§ **INPUT FOR THIS TASK**
○ ○ ○ ○ ○ ○ ○
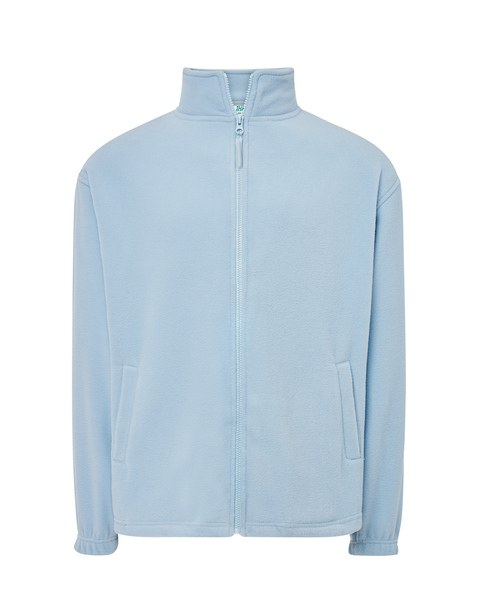 JHK JK300M - Giacca in pile da uomo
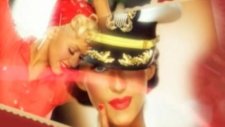 Christina Aguilera - Making Of Candyman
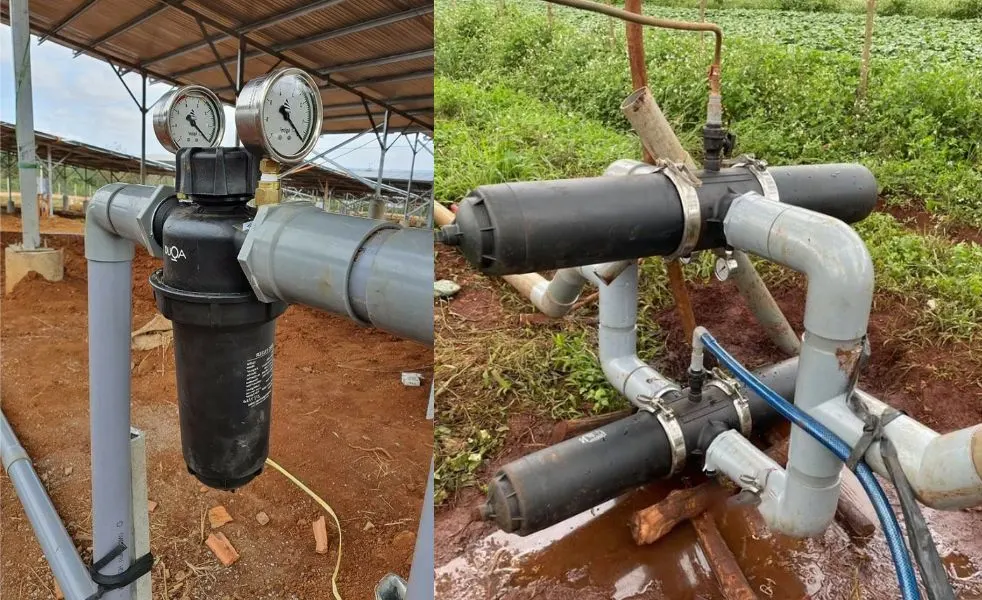 Ứng dụng phổ biến của co PVC 60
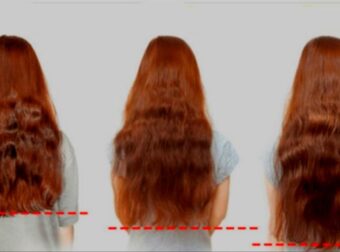 Το… μυστικό των κομμωτηρίων: Έτσι θα μακρύνουν τα μαλλιά σου πολύ πιο γρήγορα – Σταμάτα αμέσως να κάνεις αυτά τα 4 λάθη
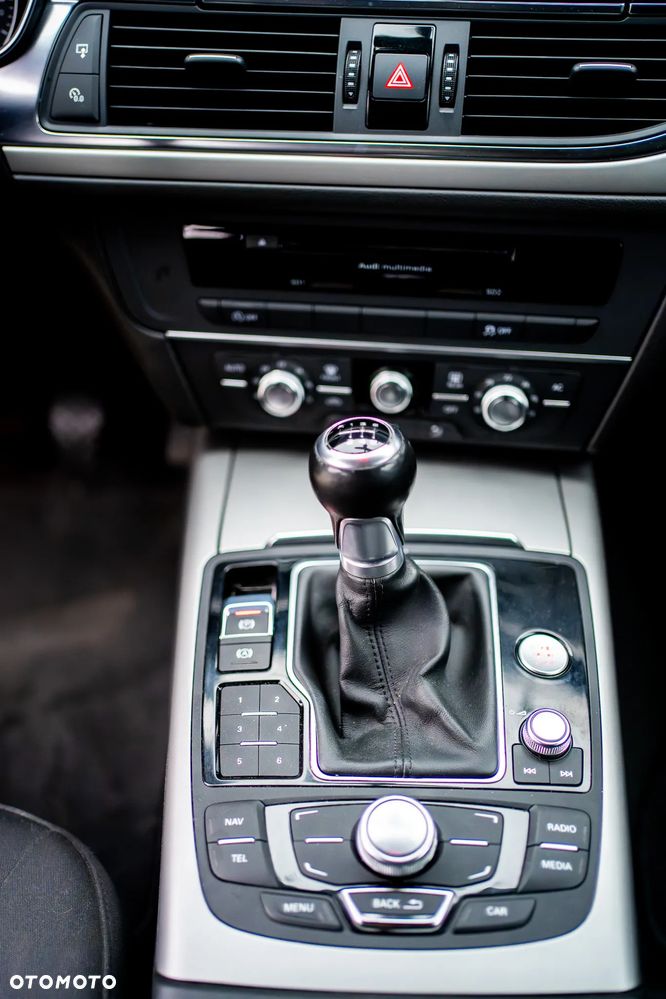 Audi A6 Limousine - 24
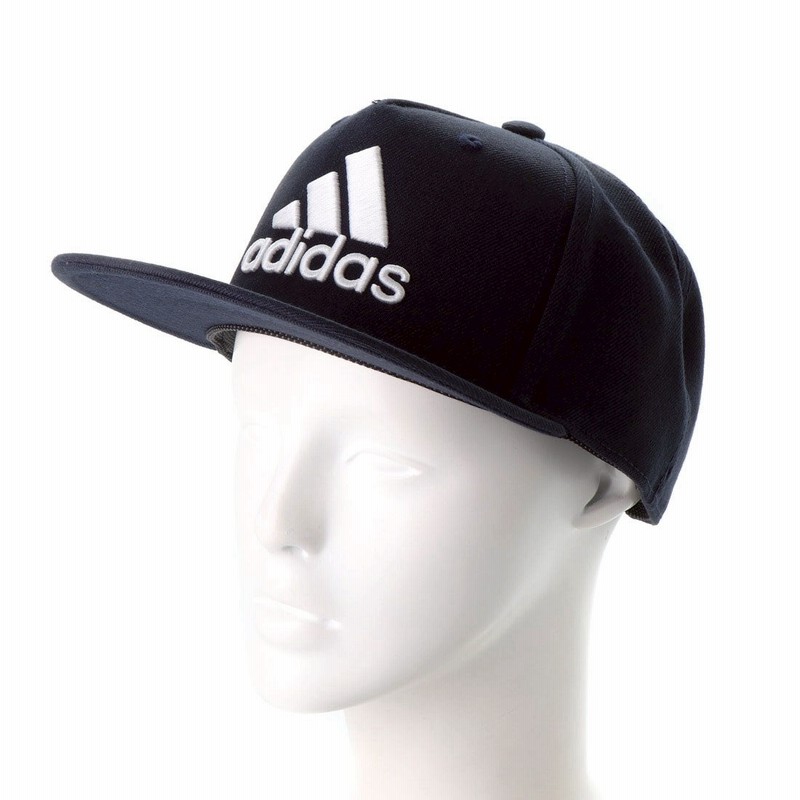 アディダス Adidas キャップ Snapbalogocap Fp8071 通販 Lineポイント最大get Lineショッピング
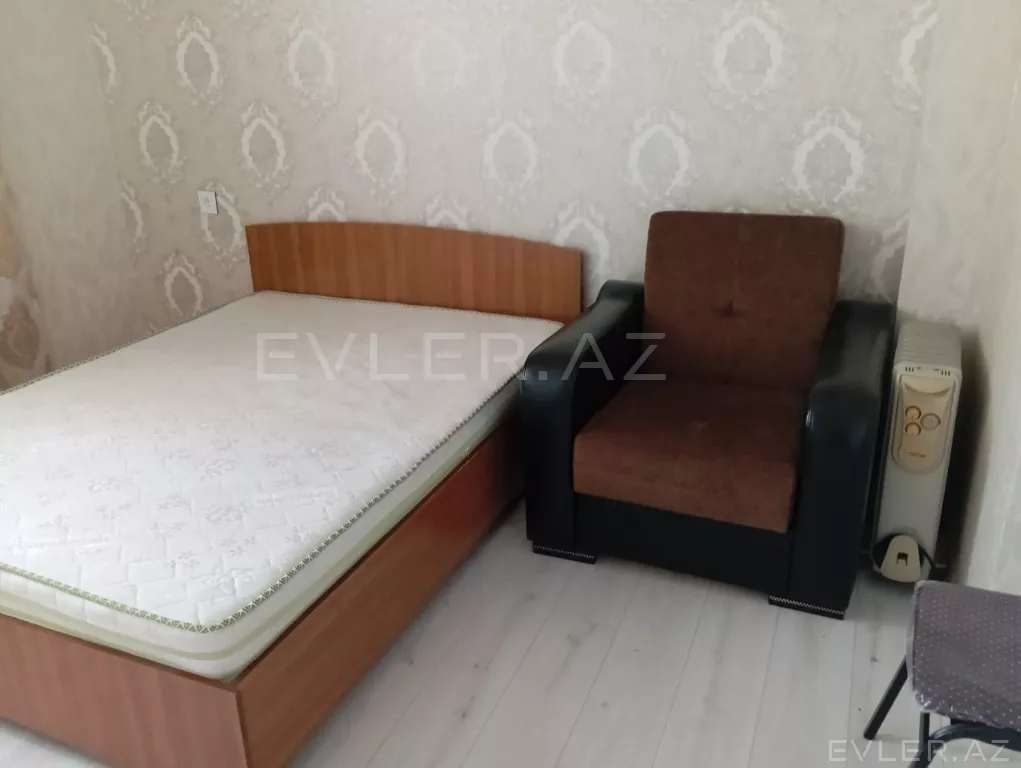 Aylıq, yeni tikili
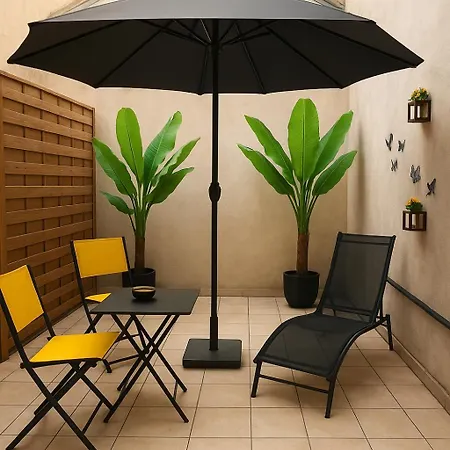 La Parisienne Parijs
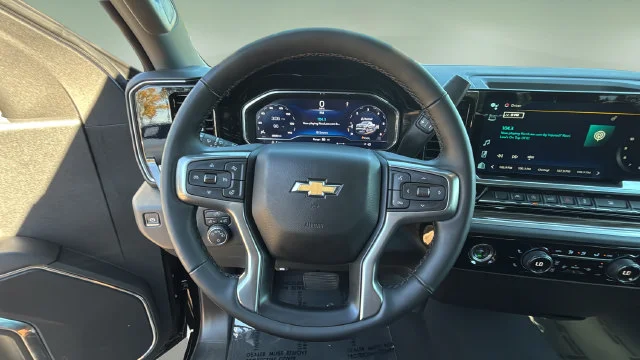Used 2024 Black Chevrolet LT (2FL) image 12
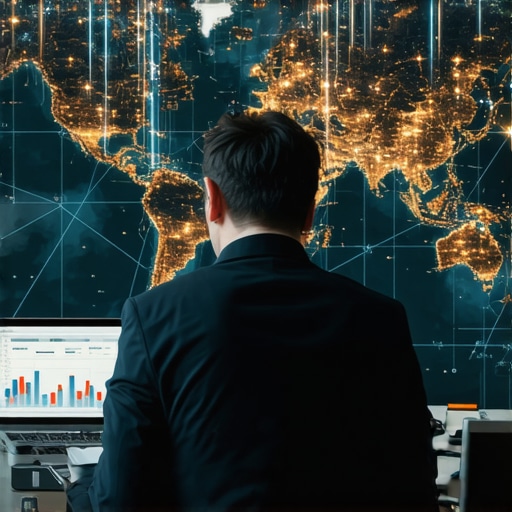 Powerful Backlink Strategies for Local SEO Authority Growth in 2025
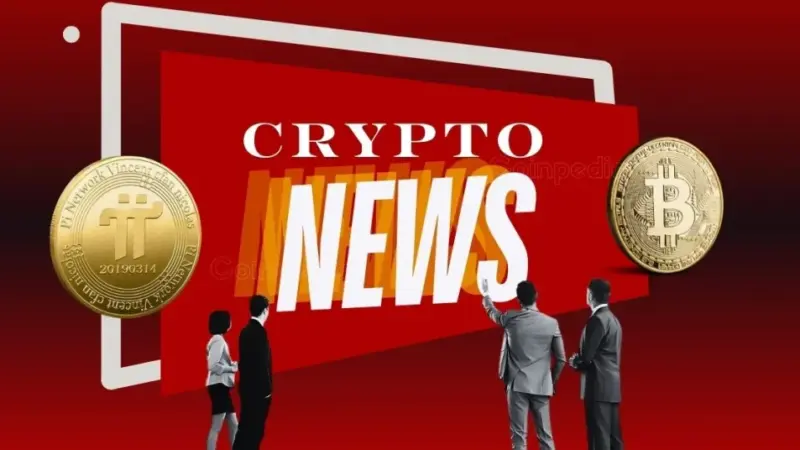 Coinpedia Digest: This Week’s Crypto News Highlights | 3 May, 2025 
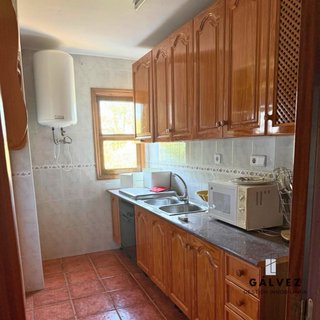 Magnifico chalet muy cerca de Bailén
○ ○ ○ ○ ○ ○ ○
§ **YOUR INSTRUCTIONS**
Please retype the listing above word for word, skipping each picture.

§ **ANSWER BELOW**
 JHK JK300M - Giacca in pile da uomo
 Christina Aguilera - Making Of Candyman
 Ứng dụng phổ biến của co PVC 60
 Το… μυστικό των κομμωτηρίων: Έτσι θα μακρύνουν τα μαλλιά σου πολύ πιο γρήγορα – Σταμάτα αμέσως να κάνεις αυτά τα 4 λάθη
 Audi A6 Limousine - 24
 アディダス Adidas キャップ Snapbalogocap Fp8071 通販 Lineポイント最大get Lineショッピング
 Aylıq, yeni tikili
 La Parisienne Parijs
Used 2024 Black Chevrolet LT (2FL) image 12
 Powerful Backlink Strategies for Local SEO Authority Growth in 2025
 Coinpedia Digest: This Week’s Crypto News Highlights | 3 May, 2025 
 Magnifico chalet muy cerca de Bailén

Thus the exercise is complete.